>>

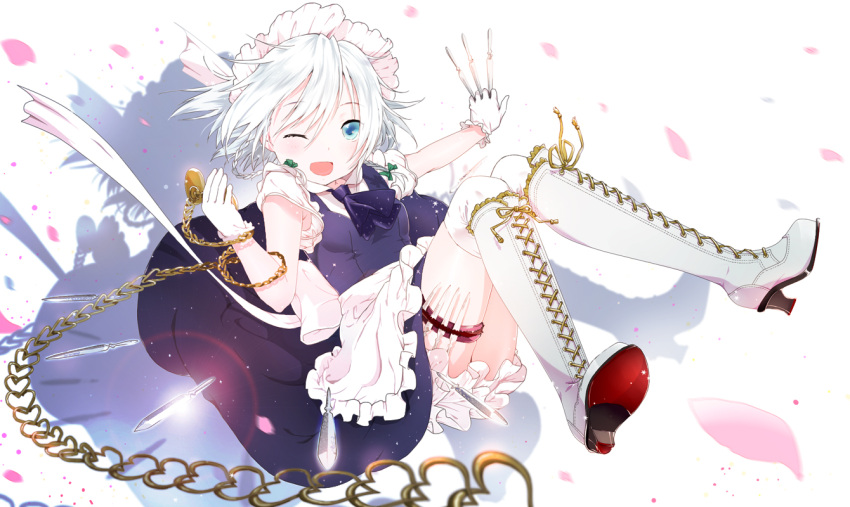 1girl apron ascot between_fingers blue_dress blue_eyes boots chain cross-laced_footwear dress gloves high_heel_boots high_heels holster izayoi_sakuya knee_boots knife looking_at_viewer maid maid_headdress one_eye_closed open_mouth over-kneehighs petals pocket_watch silver_hair smile solo thigh-highs thigh_holster thighs throwing_knife touhou waist_apron watch white_gloves white_legwear yamada_ranga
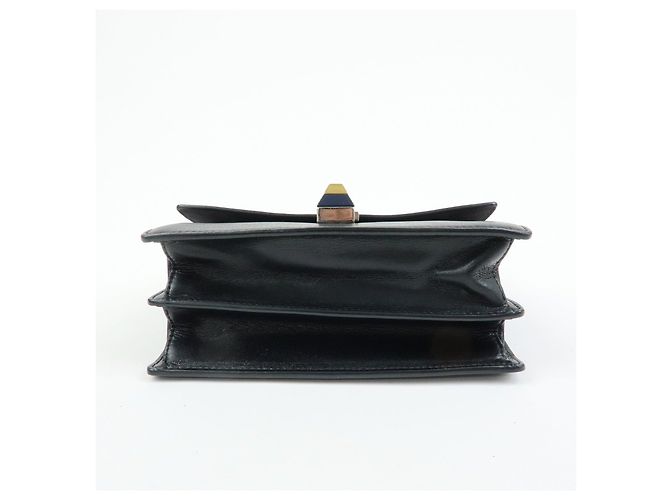 FENDI Kan I Mini Borsa a tracolla e spalla in pelle con catena Nero 8M0381 - vista 5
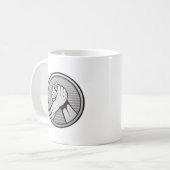アームレスリングシルバー コーヒーマグカップ (正面左)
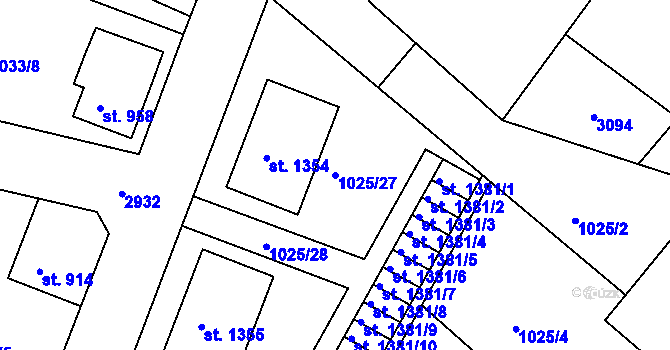 Parcela st. 1025/27 v KÚ Bělá pod Bezdězem, Katastrální mapa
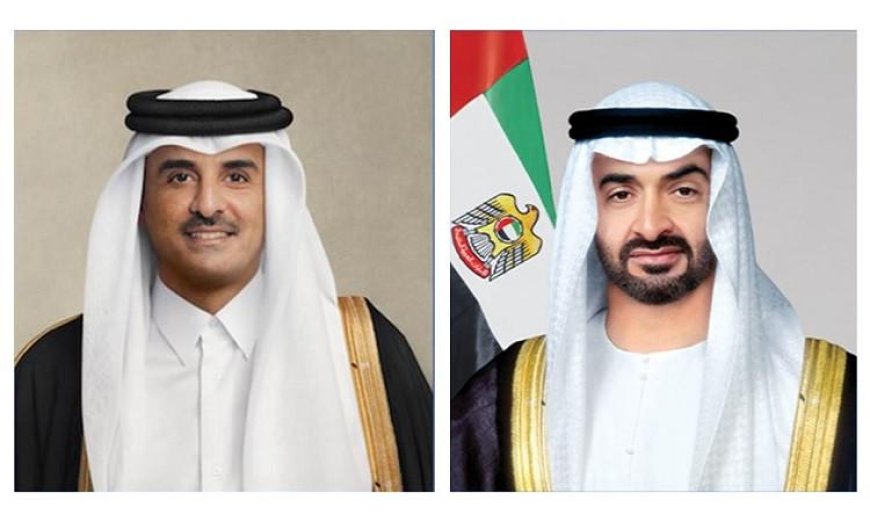 أمير قطر ورئيس الإمارات يناقشان أحدث التطورات الإقليمية والدولية عبر الهاتف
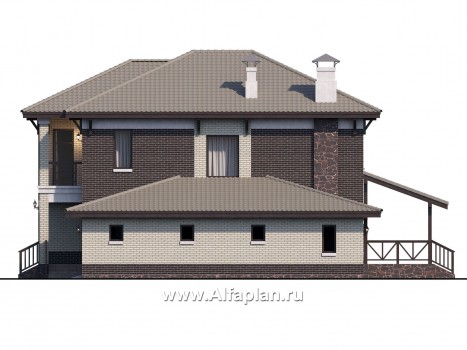 Проекты домов Альфаплан - «Вишера» - стильный дом с гаражом - превью фасада №2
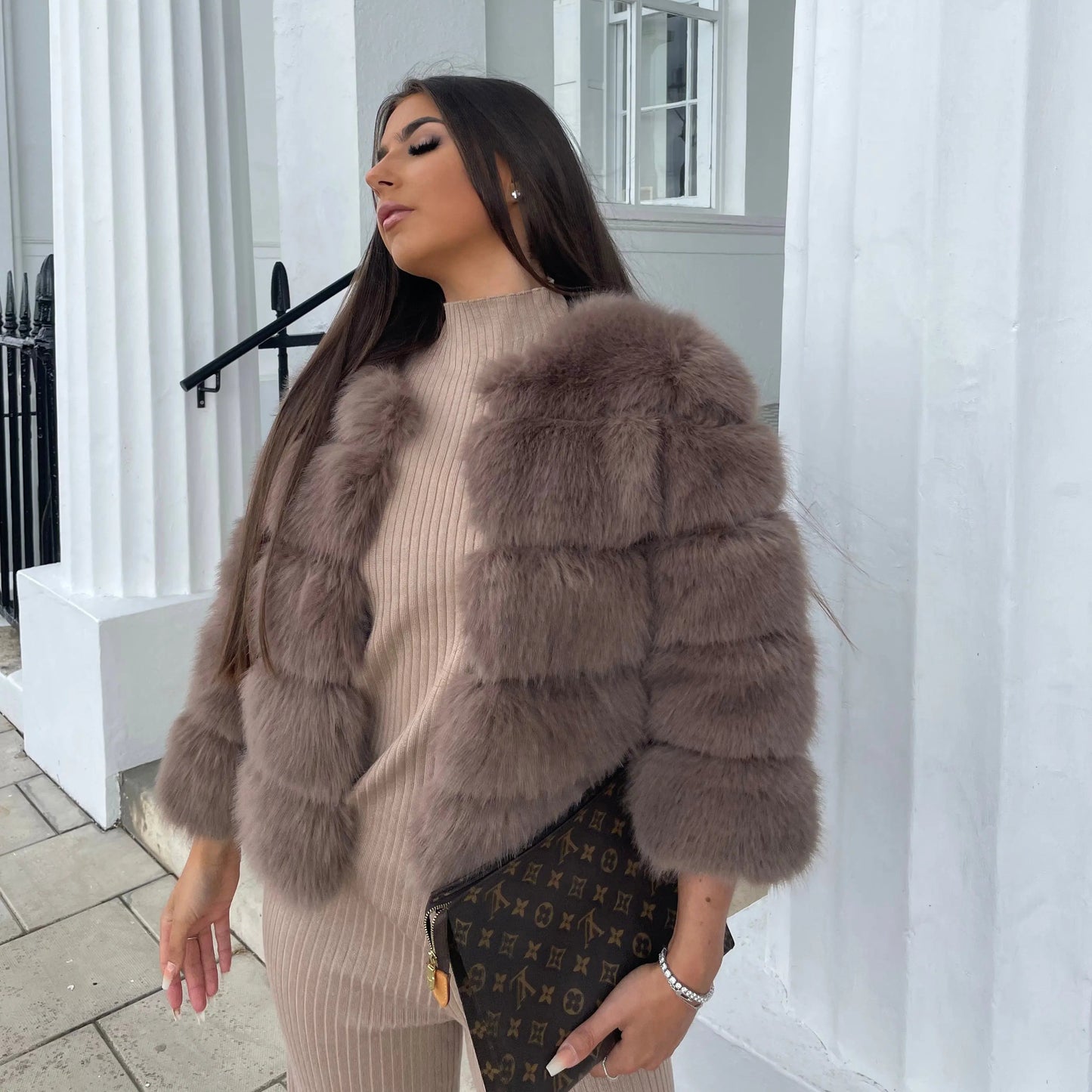 Luxury Faux Fur Jacket Elegant Women's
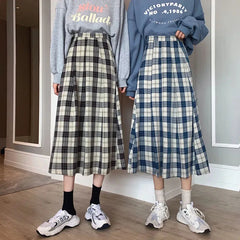 Blue Plaid Midi Skirt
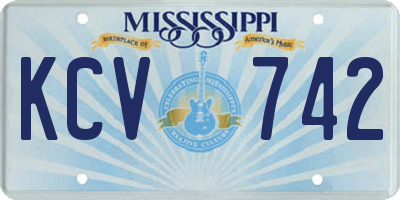 MS license plate KCV742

<<

▶ **Required work**
Extract word for word every line from the line that contains "FENDI Kan I" to the final line of the data, both included, and nothing else; skip the pictures.

▶ **Solution to the problem**
 FENDI Kan I Mini Borsa a tracolla e spalla in pelle con catena Nero 8M0381 - vista 5
アームレスリングシルバー コーヒーマグカップ (正面左)
 Parcela st. 1025/27 v KÚ Bělá pod Bezdězem, Katastrální mapa
 أمير قطر ورئيس الإمارات يناقشان أحدث التطورات الإقليمية والدولية عبر الهاتف
 Проекты домов Альфаплан - «Вишера» - стильный дом с гаражом - превью фасада №2
 Luxury Faux Fur Jacket Elegant Women's
 Blue Plaid Midi Skirt
 MS license plate KCV742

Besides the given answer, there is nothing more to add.